By 2023, IDC says 5G phones should command 28.1% of the smartphone market worldwide.
Separately, the Consumer Technology Association trade group says an estimated 38% of U.S. households intend to purchase a smartphone in the next 12 months. It says 91% of all U.S. homes have a smartphone.
"The anticipation of 5G, beginning with smartphones, has been building for quite some time but the challenges within the smartphone market over the past three years have magnified that anticipation," said Ryan Reith, program vice president with IDC's Worldwide Mobile Device Trackers, in a statement. "To be clear, we don't think 5G will be the savior in smartphones, but we do see it as a critical evolution in mobile technology.

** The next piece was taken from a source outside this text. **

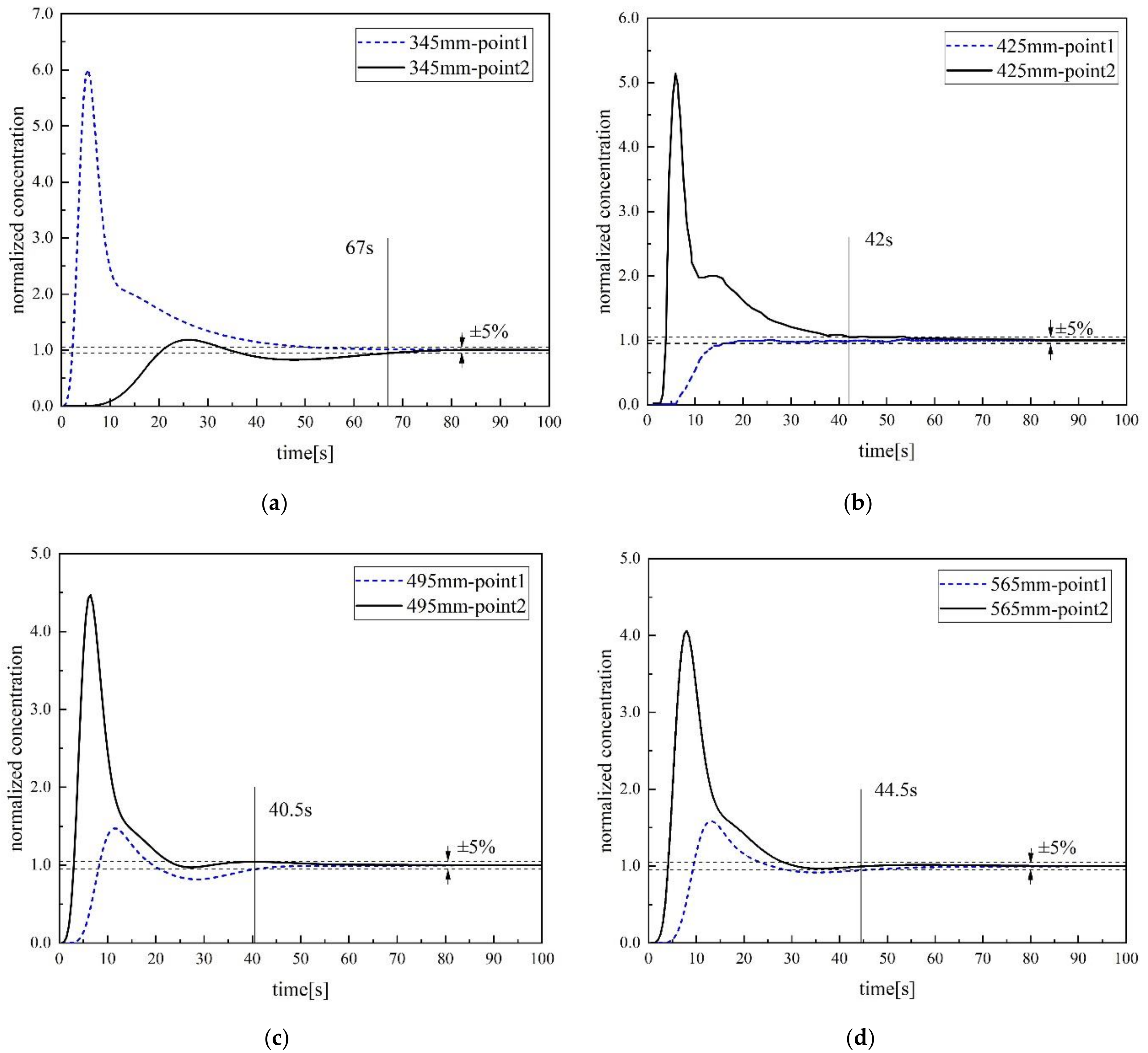 Metals 09 00400 g012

We expect the 5G ramp on smartphones to be more subtle than what we saw with 4G, but that is primarily because we are in a much different market today” — not only in the U.S. but in Western Europe and China.
Smartphone sales began to slump a few years ago when consumers began to conclude that additional features in new phone models were not worth the hassle or the money. In January 2019, CEO Tim Cook wrote a letter to investors warning it was lowering its revenue projections for the holiday season quarter that had just ended, again, because of softer-than-expected iPhone sales and other factors.
Now, IDC says, “2019 will remain a challenging year for iPhone shipments, with volumes expected to drop to 177.9 million, down 14.8% year over year, mostly due to market maturity as well as a lack of 5G devices. However, Apple is likely to deliver 5G handsets later in 2020, which will pick up iOS volumes slightly.” And IDC says that because Apple is holding off on those 5G models as other companies launch theirs, it will benefit from the ability to observe and react to real-life market conditions.
IDC predicts that Android's smartphone share will increase to 87.0% in 2019 from 85.1% in 2018, mostly due to 5G launches and “expedited inventory cleanup of older devices.”